Unabhängig von der zwischen Arbeitgeber und Arbeitnehmer getroffenen Lohnvereinbarung ist der Arbeitnehmer in die Gehalts- oder Lohngruppe eingruppiert, deren Tätigkeitsmerkmalen die von ihm tatsächlich verrichtete Tätigkeit entspricht, § 6 Ziffer 2 MTV Hamburg, § 8 Ziffer 2 MTV Schleswig-Holstein. Erst aufgrund dieser sich individualrechtlich wegen der sogenannten Tarifautomatik von selbst vollziehenden Eingruppierung (vgl. zur Tarifautomatik bei Eingruppierung BAG Urteil vom 30. Mai 1990 - 4 AZR 74/90 - AP Nr. 31 zu § 75 BPersVG, auch zur Veröffentlichung in der Amtlichen Sammlung bestimmt) kann im Wege des Günstigkeitsvergleichs ermittelt werden, ob für den Arbeitnehmer der tarifliche Bruttolohn oder ein vertraglich vereinbarter Nettolohn günstiger ist. Der Arbeitnehmer hat dabei zumindest Anspruch auf den Tariflohn, der nur aufgrund der Eingruppierung ermittelt werden kann.

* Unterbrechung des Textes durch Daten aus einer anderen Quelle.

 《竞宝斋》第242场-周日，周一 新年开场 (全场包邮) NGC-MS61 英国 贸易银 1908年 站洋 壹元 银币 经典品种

Ist damit der Arbeitgeber notwendig gehalten, jedenfalls für sich die Frage zu beantworten, welcher Lohn- oder Gehaltsgruppe die von geringfügig beschäftigten Arbeitnehmern zu verrichtende Tätigkeit entspricht, so hat er an dieser Beurteilung nach § 99 Abs. 1 BetrVG den Betriebsrat zu beteiligen. Arbeitgeber und Betriebsrat sollen im Interesse der gleichmäßigen Anwendung der Gehalts- und Lohngruppenordnung und einer größeren Richtigkeitsgewähr gemeinsam die Frage beantworten, in welche Lohn- oder Gehaltsgruppe ein Arbeitnehmer einzugruppieren ist.

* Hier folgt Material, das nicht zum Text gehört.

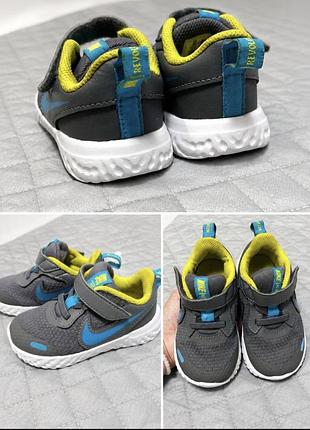 Оригінальні кросівки nike revolution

Mit dieser Eingruppierung unter Beteiligung des Betriebsrats wird nicht, wie der Arbeitgeber in der Rechtsbeschwerde meint, die Entlohnung der geringfügig beschäftigten Arbeitnehmer festgelegt. Die Eingruppierung eines Arbeitnehmers in eine anzuwendende Gehalts- oder Lohngruppenordnung hindert den Arbeitgeber nicht, mit dem Arbeitnehmer eine übertarifliche Vergütung - auch in Form einer Nettolohnvereinbarung - zu vereinbaren. Die Eingruppierung unter Beteiligung des Betriebsrats weist auch in solchen Fällen aus, welcher Gehalts- oder Lohngruppe die Tätigkeit des Arbeitnehmers zuzuordnen ist, welche Stellung aufgrund der von ihm auszuübenden Tätigkeit er im Verhältnis zu den anderen Arbeitnehmern des Betriebes in dieser Vergütungsordnung einnimmt. Die Eingruppierung dient auch in solchen Fällen der innerbetrieblichen Lohngerechtigkeit und macht das effektive Lohn- und Gehaltsgefüge einsichtig und durchschaubar, indem sie ausweist, daß der Arbeitnehmer - gleich aus welchen Gründen - eine übertarifliche Vergütung erhält, und wie die von ihm auszuübende Tätigkeit bewertet wird.
3. Soweit der Arbeitgeber meint, die Zuordnung geringfügig beschäftigter Arbeitnehmer zu den Gehalts- und Lohngruppen der Tarifverträge für den Einzelhandel sei wegen der dort vorgesehenen Bruttoentlohnung nicht möglich, kann dem nicht gefolgt werden.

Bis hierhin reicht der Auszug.